İşte bundan dolayı toplum bizzat kendisi kanunun ana kaynağı
olmuştu." Uygarlık Hikayesi; Will Durant
Kısaca,
ortaçağ dönemi Avrupa’sının tanık olduğu çöküntünün
gerçekte kaynağı, o dönemde, Avrupa’da egemen olan düzeysiz
kültürdür elbette.
Orta
çağda Avrupa insanının durumu ne idiyse, cahiliye dönemi
Araplarının durumu da aynıydı. Aralarındaki ilişkileri
sistematize ederek toplumunun dayanaklarını kuvvetlendirecek olan
siyasi akli akideden yoksundular. Aksine geleneksel taklidi bir
akideye sahiptiler. Tabii ki bu, onların düşüncelerine ve
toplumsal aktivitelerine temel oluşturabilecek nitelikte değildi.
Dolayısı ile o toplum düzeysiz bir toplumdu. Öyle ki, kabile ve
aşiretlerin birbirinden nefret ettiği sadece ve sadece asabiyet
uğruna savaşların hiç ardı arkası kesilmediği savaşçı
toplumlar haline getiren kabilecilik anlayışı egemendi. Bundan
dolayı cahiliye toplumu olarak bilinmekteydi.
Ancak,
Arap yarımadası toplumları olağanüstü çökmüşlüğüne rağmen
ortaçağın başlarında inkılabi bir dönüşümle çöküşün o
karanlıklarından bir anda kalkınmışlığın zirvesine yerleşmiş
ve hatta yeni çağın girmesine değin asırlar boyu böyle
süregelmiş iken, uzun yıllar, hatta yeni çağın girmesine değin
Avrupa toplumlarına musallat olan çöküntü devam etmekteydi.
Nitekim 15. asrın sonlarına doğru başlayan kalkınma hareketleri
ta 18. asrın sonlarına doğru meyvelerini vermişti.

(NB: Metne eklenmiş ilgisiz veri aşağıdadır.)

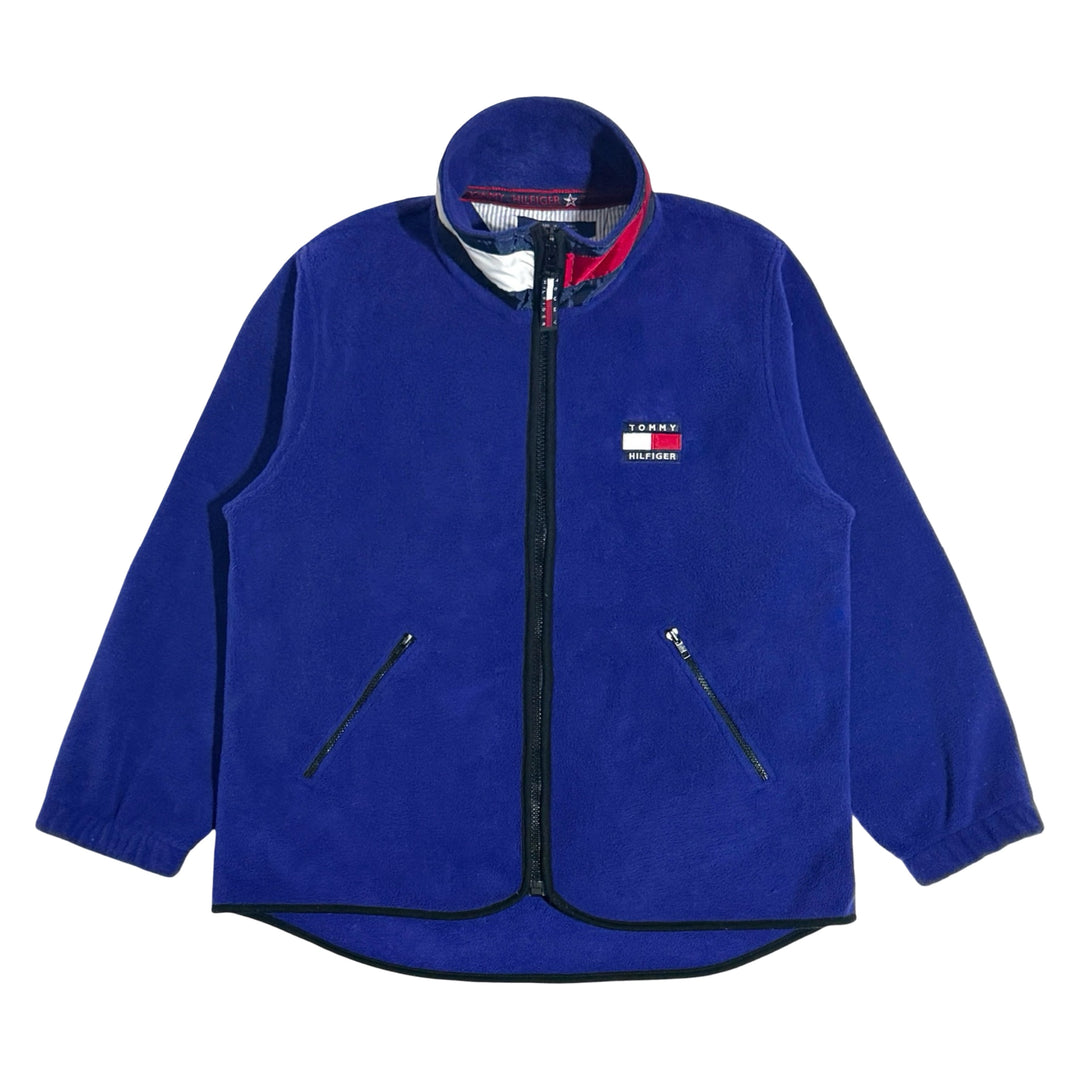 1990’S TOMMY HILFIGER SHERPA FLEECE FULL ZIP SWEATER LARGE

Her ne olursa
olsun biz burada, zaman açısından doğuş ve neticeleri süratle
verme noktasında her iki hadaret arasındaki farklılıktan
dikkatleri alarak başka bir soruyu yöneltmek istiyoruz.
Her
iki toplumda da kalkınmaya etki eden ve çökmüşlük durumundan
kalkınmışlık düzeyine taşıyan etkenler nelerdir?
Kuşkusuz
bu sorunun yanıtı, kalkınmanın felsefesinde düğümlenmektedir.
Şüphesiz her iki toplumda da ideoloji mesabesinde siyasi akli bir
akide varolmuş ve o toplumu adım adım ileriye götüren hadaret,
kapsamlı bir ideoloji üzerine bina edilmiştir.
Arap
yarımadasında bir ideoloji olarak boy gösteren İslâm dini;
insan, hayat ve evren ve bunların yaşam öncesi ve sonrası ve
yine bunların yaşam öncesi ve sonrası ile olan ilişkileri
hakkında kapsamlı bir düşünce sunan akli bir akide üzerine
bina edilmiştir. Yine bu akideden insan için yaşamında en uygun
sistemler çıkmış, bu sistemler inanç boyutunda belirttikleri ve
ibadet (namaz, oruç, haç v.b.) boyutu ile yükümlü tuttukları
ile insan ve yaratıcısı arasını, yiyecek, giyecek ve ahlakî bağlamında
belirlediği kuralları ile de bireyin kendi nefsi ile olan
ilişkisini, devlet ve topluma ilişkin getirdiği sistemleri ile de
diğer insanlarla olan ilişkilerini belirli bir düzene sokmuştur.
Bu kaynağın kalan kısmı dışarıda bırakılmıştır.